Max Hastings, writing in the Guardian more than two years ago, said of him:

There is room for debate about whether he is a scoundrel or mere rogue, but not much about his moral bankruptcy, rooted in a contempt for truth… He would not recognise the truth, whether about his private or political life, if confronted by it in an identity parade.

I have known Johnson since the 1980s, when I edited the Daily Telegraph and he was our flamboyant Brussels correspondent. I have argued for a decade that, while he is a brilliant entertainer who made a popular maître d’ for London as its mayor, he is unfit for national office, because it seems he cares for no interest save his own fame and gratification.

I have a hunch that Johnson will come to regret securing the prize for which he has struggled so long, because the experience of the premiership will lay bare his absolute unfitness for it.

Last October in Bloomberg Hastings was comparing Boris to Trump

Johnson is a more intelligent and cultured man than Trump, yet he displays a similar contempt for rules, precedents, decency, truth. One of Britain’s most distinguished historians emailed me during the summer to observe that he thinks our current prime minister “the most morally debased leader Britain has had since the 18th century”.

And in December Hastings was telling Matt Frei on LBC:

I was absolutely stunned by the idea that anybody else should ever have thought that he was a fit person for public life. The people I’ve really got it in for are not Boris Johnson… It’s the people who put him there. They knew he was a clown, they knew he was an entertainer, they knew he was not a serious person, they knew that he cared only for himself and never showed any evidence of caring for any other human being except himself.

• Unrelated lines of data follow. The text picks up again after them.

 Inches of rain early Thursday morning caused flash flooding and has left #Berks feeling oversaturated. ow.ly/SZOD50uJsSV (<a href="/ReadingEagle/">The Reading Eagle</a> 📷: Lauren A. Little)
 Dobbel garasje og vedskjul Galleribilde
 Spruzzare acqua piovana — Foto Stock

And for good measure he tweeted in The Times: “I wrote three years ago that, if Boris Johnson ever achieved his ambition to become prime minister, Britain would forgo any claim to be considered a serious country”

Election wipeout?

Regardless of all the slings and arrows, it looks like Boris, with his mighty ego, will try to tough it out after several aides quit Number 10 in disgust. He’s desperately doing a “reset” which involves revamping Number 10 with new senior appointments and has picked two MPs, Steve Barclay as the new chief of staff and Andrew Griffith as head of the policy unit. These sound like full-time jobs and it’s doubtful that voters will like Boris hijacking the MPs from their prime duties – representing their constituents in Parliament. So, another half-witted move.

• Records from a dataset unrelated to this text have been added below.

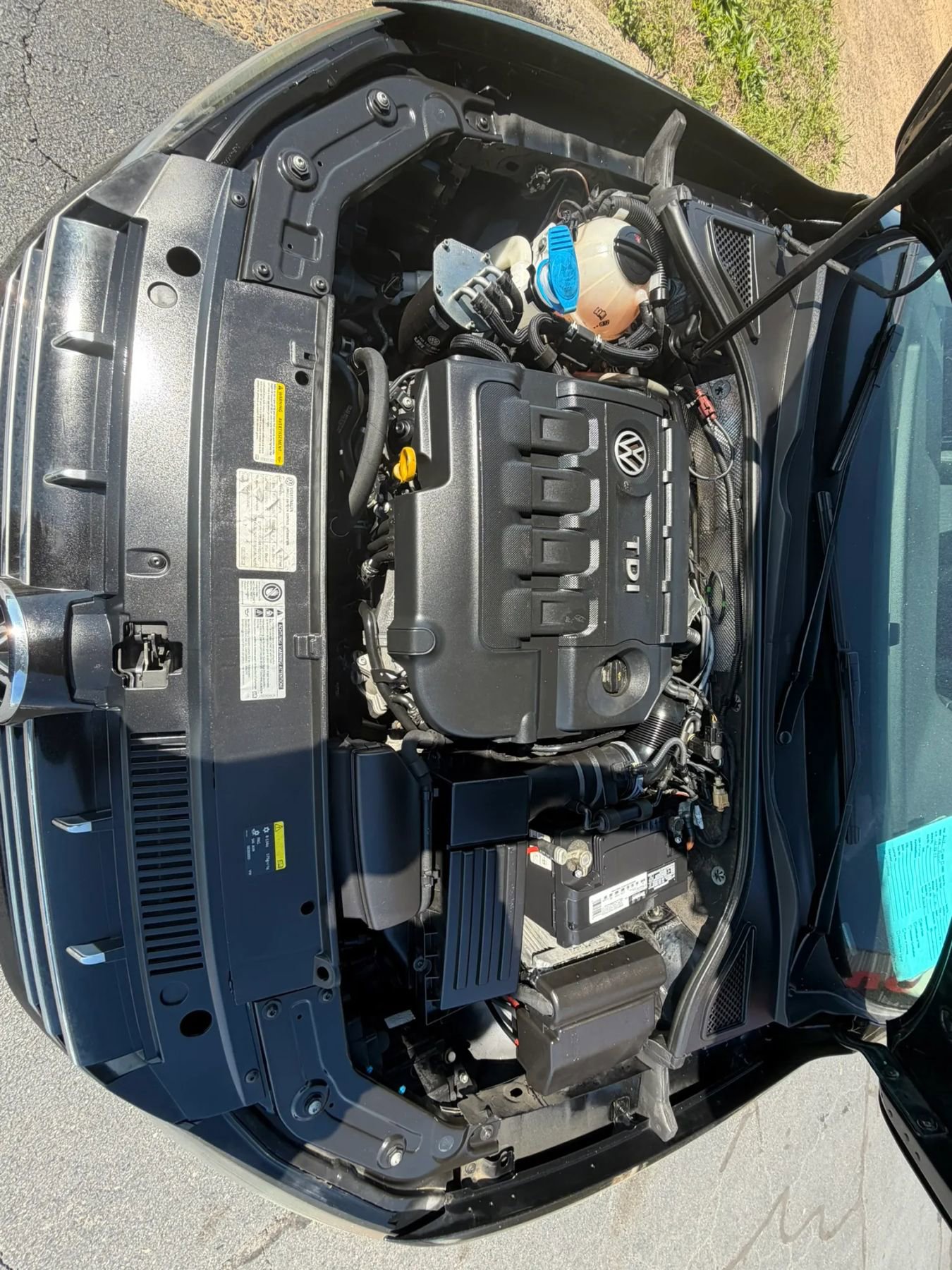 Used 2015 Volkswagen Passat TDI SEL Premium image 26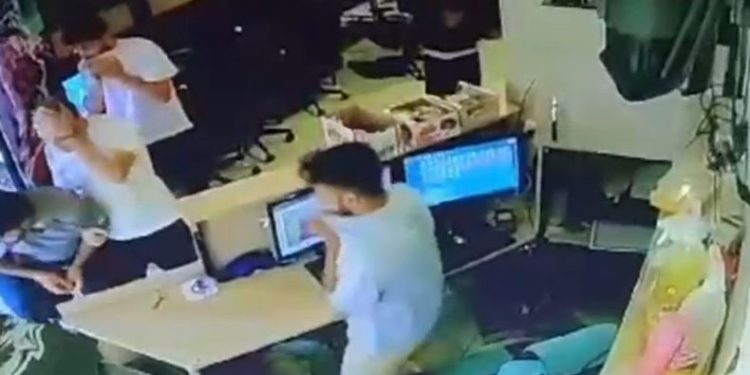 25 gün kala askerden kaçtı, askeri oyun oynarken yakalandı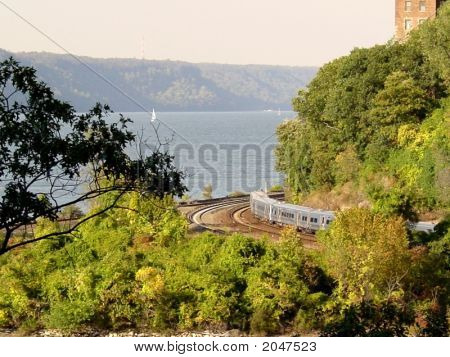 Метро Север на Sputyn Dyvil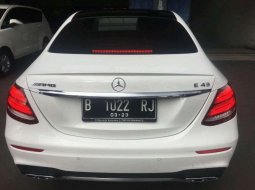 Mercedes-Benz E43 AMG 2017 terbaik 6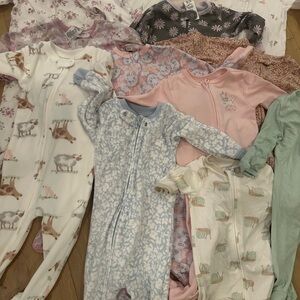 Carter’s & Gerber Baby Girl Assorted Footed Sleepers 13pcs 6-9 M, 12M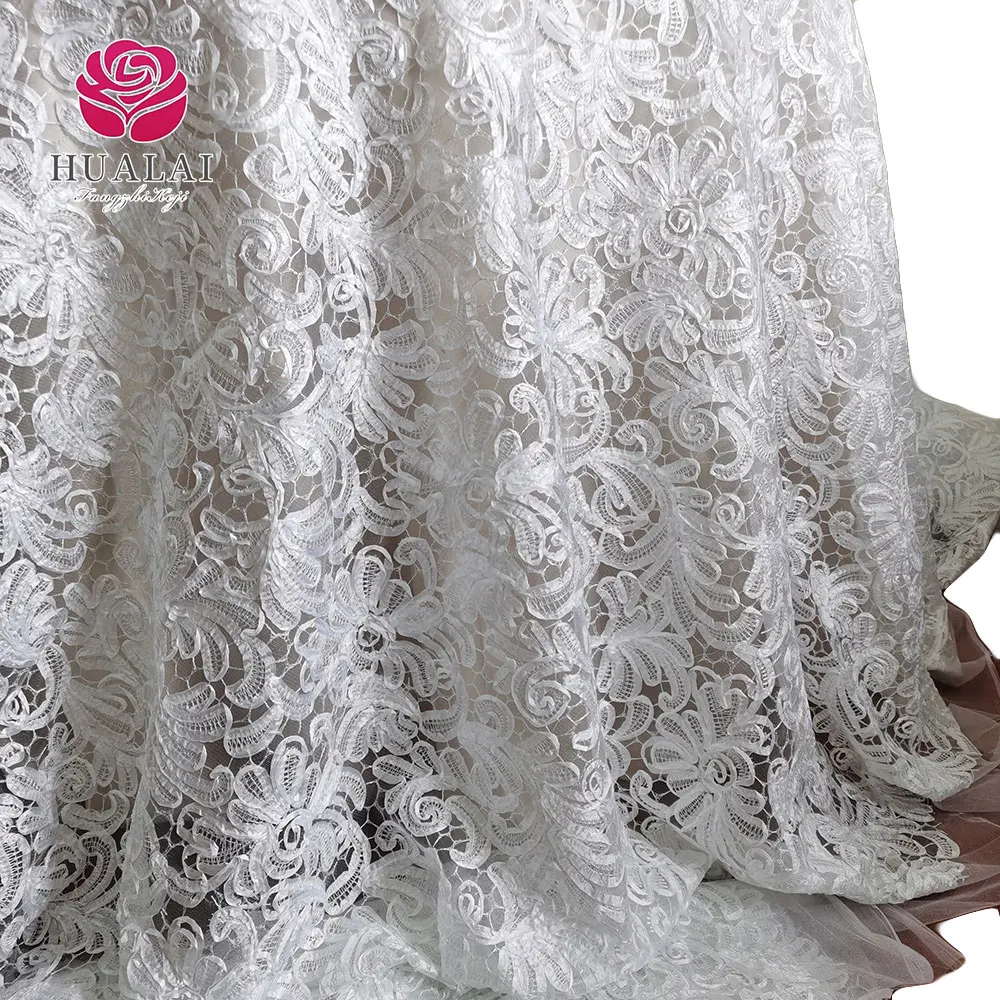 BEAUTIFUL POPULAR WHITE  FLORAL DESIGNS RIBBON EMBROIDERY TABLE CLOTH  FOR WEDDING EVENTS AND HOME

And in come new aides, including Guto Harri until recently a director of a consultancy firm lobbying on behalf of Huawei, the Chinese tech giant accused of spying and considered a risk to national security. No, you simply couldn’t make this stuff up. As soon as he arrived Harri, the new communications chief, gave an interview saying Johnson was “not all that clownish” – hardly the most professional comment to make in the circumstances.

Even if this wallpapering saves his neck it will come at a terrible cost. Those who pay will be the Tory candidates in the local council elections in three months’ time, plus all the dedicated party workers who’ll see their efforts come to nothing. What happens to the party’s fortunes after that is anyone’s guess.

It never was just about the deluge of headlines telling of boozy partying during lockdown (“party-gate”) and scandalously lying about it. Most people had made up their minds long beforehand that Boris was a total twit and an utter embarrassment, especially on the international stage. How could Tory MPs, knowing what he was like, have voted him into the top position? Imagine him meeting Russian President Vladimir Putin. He’s everything Putin despises. And we’ve seen what a hash he’s made of our relations with Iran, which is no enemy of ours and used to be (pre-1950s) a valued friend until the Tories back then did the dirty on their fragile new democracy.

If he doesn’t go voluntarily – and very soon – the party mandarins will make him an offer he simply cannot refuse: the gentlemanly revolver on the silver tray or the knife between the shoulder-blades.